Click to See Complete Forum and Search --> : Perl--Backreferences


StuPeas
08-18-2006, 02:04 PM
This one should be simple (I hope).


$letters = "aaaabbbb";

$letters =~m/\w*(.)\1\w*/;

print "the letter $1 was found consecutively";


In the above, why isnt $1 set to "a" instead of "b".

The way i see it, the first match (\w*) would match the first "a".
The second match ((.)) would match the second "a".
The third match (\1) will only now match if it is the same as (.), which it is, i.e "a".
And the last match (\w*) would be taken care of by the remainder.

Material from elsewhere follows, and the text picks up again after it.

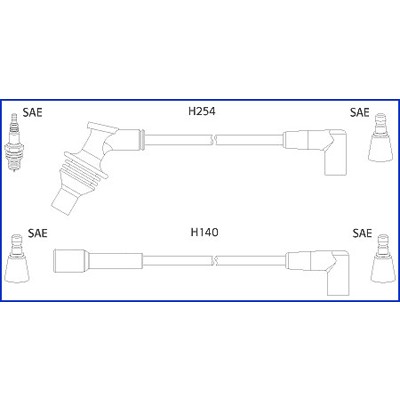 Слика на Кабли за свеќици - комплет сет кабли HITACHI Hueco 134460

So why does perl skip the "a"'s and instead match on the "b"',.

TIA

NogDog
08-18-2006, 08:40 PM
I think the problem is that \w* will match as many characters as it can ("*" being 0-n occurences), so the first \w* is matching "aaaabb", then the dot is matching the 3rd "b", and the \1 back-reference is matching the last "b". (The last \w* doesn't have to match anything, since 0 matches is valid for "*".)

Or something like that. :)

StuPeas
08-19-2006, 06:30 AM
so if aaaabbbb is replaced with "aaaabbbb agsferwtdddd" why doesnt \1 match the "d"'s.

dragle
08-21-2006, 10:57 AM
so if aaaabbbb is replaced with "aaaabbbb agsferwtdddd" why doesnt \1 match the "d"'s.
Because \w will only match "word" characters; i.e., a-zA-Z0-9 and underscore. The space between your two character strings won't match the first \w*, so the regexp stops there, then backs up to see if any shorter strings match the rest of your desired expression. So the "b" is still printed.

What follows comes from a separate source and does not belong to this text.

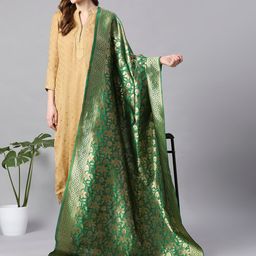 Dupatta Bazaar Woven Design Silk Dupatta with Zari image 2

If you remove the space between your two character segments and try it, i.e., "aaaabbbbagsferwtdddd", then the "d" will be printed (assuming your original example code).

If you haven't seen them already, these pages may be helpful:

http://search.cpan.org/dist/perl/pod/perlretut.pod
http://search.cpan.org/dist/perl/pod/perlre.pod

Good luck!

StuPeas
08-21-2006, 01:45 PM
Thanx for the explanation and the links Dan,,,much appreciated

Stu